Can anyone tell how they make use of the waste bin{?} located in the door. We have tried putting a plastic bag in it but when full is difficult to get out and the front doesn't come off.


----------



## rayc (Jun 3, 2008)

mr2 said:


> Can anyone tell how they make use of the waste bin{?} located in the door. We have tried putting a plastic bag in it but when full is difficult to get out and the front doesn't come off.

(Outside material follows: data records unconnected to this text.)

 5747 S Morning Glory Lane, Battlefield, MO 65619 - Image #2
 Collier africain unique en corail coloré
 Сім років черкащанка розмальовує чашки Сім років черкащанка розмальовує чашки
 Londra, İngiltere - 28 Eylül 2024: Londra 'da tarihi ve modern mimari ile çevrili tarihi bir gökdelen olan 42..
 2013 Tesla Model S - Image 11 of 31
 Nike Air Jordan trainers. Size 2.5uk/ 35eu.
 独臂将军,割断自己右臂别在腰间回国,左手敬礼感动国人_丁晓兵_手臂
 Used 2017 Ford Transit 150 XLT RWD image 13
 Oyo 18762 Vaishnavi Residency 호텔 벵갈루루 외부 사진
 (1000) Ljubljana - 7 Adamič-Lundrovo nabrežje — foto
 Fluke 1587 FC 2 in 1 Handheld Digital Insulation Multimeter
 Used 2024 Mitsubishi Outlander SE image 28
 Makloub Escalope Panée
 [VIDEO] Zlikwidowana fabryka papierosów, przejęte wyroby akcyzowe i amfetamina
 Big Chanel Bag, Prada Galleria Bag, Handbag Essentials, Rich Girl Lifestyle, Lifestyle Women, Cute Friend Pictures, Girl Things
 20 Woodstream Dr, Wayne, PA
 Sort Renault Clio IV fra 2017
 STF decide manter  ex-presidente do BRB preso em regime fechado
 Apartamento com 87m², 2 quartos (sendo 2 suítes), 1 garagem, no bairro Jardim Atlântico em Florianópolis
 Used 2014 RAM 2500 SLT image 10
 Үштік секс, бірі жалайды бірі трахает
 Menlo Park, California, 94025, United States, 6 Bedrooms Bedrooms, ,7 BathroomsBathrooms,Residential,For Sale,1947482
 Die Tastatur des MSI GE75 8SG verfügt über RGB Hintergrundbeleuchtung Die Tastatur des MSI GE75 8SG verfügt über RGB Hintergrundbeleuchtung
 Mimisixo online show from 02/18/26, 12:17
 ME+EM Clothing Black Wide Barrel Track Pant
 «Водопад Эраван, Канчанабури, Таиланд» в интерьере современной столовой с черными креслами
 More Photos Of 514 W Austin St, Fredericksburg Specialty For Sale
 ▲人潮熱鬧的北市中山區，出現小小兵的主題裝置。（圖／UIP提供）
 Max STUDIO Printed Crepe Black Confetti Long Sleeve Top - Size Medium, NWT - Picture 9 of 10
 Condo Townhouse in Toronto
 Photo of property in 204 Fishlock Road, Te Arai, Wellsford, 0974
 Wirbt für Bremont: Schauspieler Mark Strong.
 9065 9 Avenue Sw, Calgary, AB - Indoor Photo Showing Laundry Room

I put the newspaper in it.


----------



## Scattycat (Mar 29, 2011)

Our Fleurette has a similar fitting in the door, we use ours to store packets of crisps :roll:


----------



## peterthebruce (Jun 21, 2006)

Whatever it is in the door of our Rapido continues to puzzle me. The front of ours is held on with Velcro-like fixings but doesn't take too much encouraging to fall off. As a bin it would be of little use. We keep spare supermarket bags in it as we often use these outside the Rapido as waste bins.

Then we have what we think is a waste bin - a deep textile bag in the unit that oulls out under the sink drainer. We put swingbin liners in this held in place by pegs. We will probably be told that this has another purpose! French bread store? 

By the way I like the bottle rack at the bottom of the pull out unit. Only the French would think about this!

Overall I find the quality of the interior fittings very good and I am impressed with the attention to detail. The front curtains are of excellent quality and quite thick.


----------



## WildThingsKev (Dec 29, 2009)

You need one of these...


----------



## peterthebruce (Jun 21, 2006)

I do! I do! Where did you get that from? Nice use of space.


----------



## WildThingsKev (Dec 29, 2009)

see this MHF thread


----------



## erneboy (Feb 8, 2007)

Ours is similar, useless for rubbish as it's impossible to get a full bag of rubbish out of it. We use it to store shopping bags, Alan.


----------